As I wander into the entrance court of this office-like structure, I see a crowd of people milling about, all dressed in white shirts, looking fresh and neat. All locals and not a Greek in sight. Parishioners I wonder? I move forward, across an open court-yard, to the entrance of the church, a domed cross-in-a-square church, built of reinforced concrete. A solid, functional and probably not inspiring building. Entering and making the sign of the cross, a young man takes a gentle interest in me and searches discreetly for a couple of candles to put in the candle dispenser for me to buy should, I wish to. The service has clearly ended at some point, but the resonance that one often experiences coming into a church after a service palpably lingers. I intimate that I do want to buy candles and ask him how much. What you want to give, he whispers back. I tell him I’m Orthodox and ask him when the Liturgy starts. 7am he replies, evidently pleased that I’m of the same faith…
The church is quite charming with iconography in a relaxed, almost informal or country style. I take a seat (pews abound!) and spend a few minutes in prayer, regretting my poor sense of direction. As I make my way slowly and reluctantly out of the church, I observe the crowd of people a little more. This is a clinic, I realise. Some are waiting for treatment, drugs or dressings, by a parish room that seems to be used as a clinic, and, n another space, other people surround a man in a white coat, leaning into a small boy’s mouth. I notice he has a pair of pliers – or perhaps they are somewhat more refined than that. Ah, it’s a dentist! Well, I hope he’s a dentist. All somewhat informal, but the boy is sitting still and accepting what might be painful relief from an aching tooth.
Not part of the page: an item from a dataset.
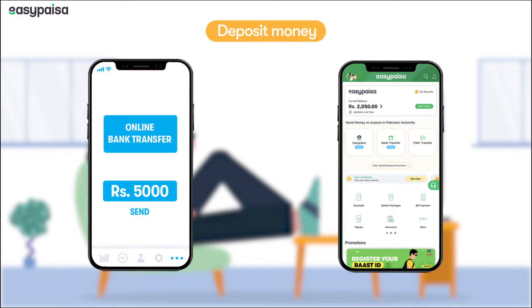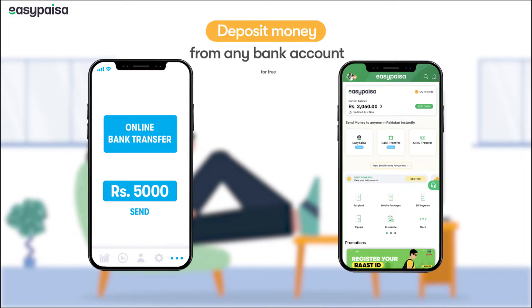You can deposit money into your EasyPesa app from any bank account absolutely free. All you have to do is follow these easy steps.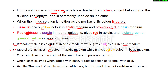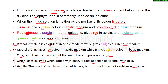The three olfactory indicators are clove, onion, and vanilla. Clove smells as usual in acidic solution but its smell is lost in the presence of a base. Similarly, onion loses its smell when added to a base but does not change its smell with acid. Vanilla's smell vanishes with base but does not change with acid. In summary, olfactory indicators retain their smell in acidic solution but lose their smell in basic solutions.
So, quietly, calmly and unremarked, this church, our sister church, runs a clinic for its poor parishioners or the surrounding community. I feel quite moved by the thought of it. I want to know more. But today’s not the moment. I wander out and try to remember the street for a future return visit.
With all the rather frightening news from Egypt, it’s easy to imagine that Christianity is assailed from every corner in places like Africa. The opposite is of course the case, and some denominations are exporting African clerics to help fill the gaps left by the collapse in priestly vocations in Europe. But what about Orthodoxy in Africa? We know that one of the ancient patriarchates of the Pentarchy, the Patriarchate of Alexandria, is based (clue’s in the name!) in Alexandria, in Egypt. After centuries of not really bothering about evangelism, except upriver along the Nile, things have now begun to change. If we think of Orthodoxy in modern Africa we are most likely to think of it following the movement of Greek trading families especially along the Eastern side of the continent. But there’s a story hidden here that’s not often told and needs to be understood better. Quietly Orthodoxy has got hold of people, local people, often very poor people, even of whole communities in some places, so that we can now think of Orthodoxy as at least taking its place among the countless denominations in this most spiritual of continents. The current patriarch, Theodoros has not been slow to keep up and to lead the changes, creating dioceses where there were none, ordaining priests and some bishops from amongst the local populations.
Madagascar is part of this story. At this point, I wonder how we can support such positive processes, by our prayer or by our actions. As we contemplate raising money for our own capital appeal, how might we support the development of churches, clinics or schools amongst the emerging Orthodox Christian communities. Emerging just as we are emerging in fact. Or, in our case, re-emerging.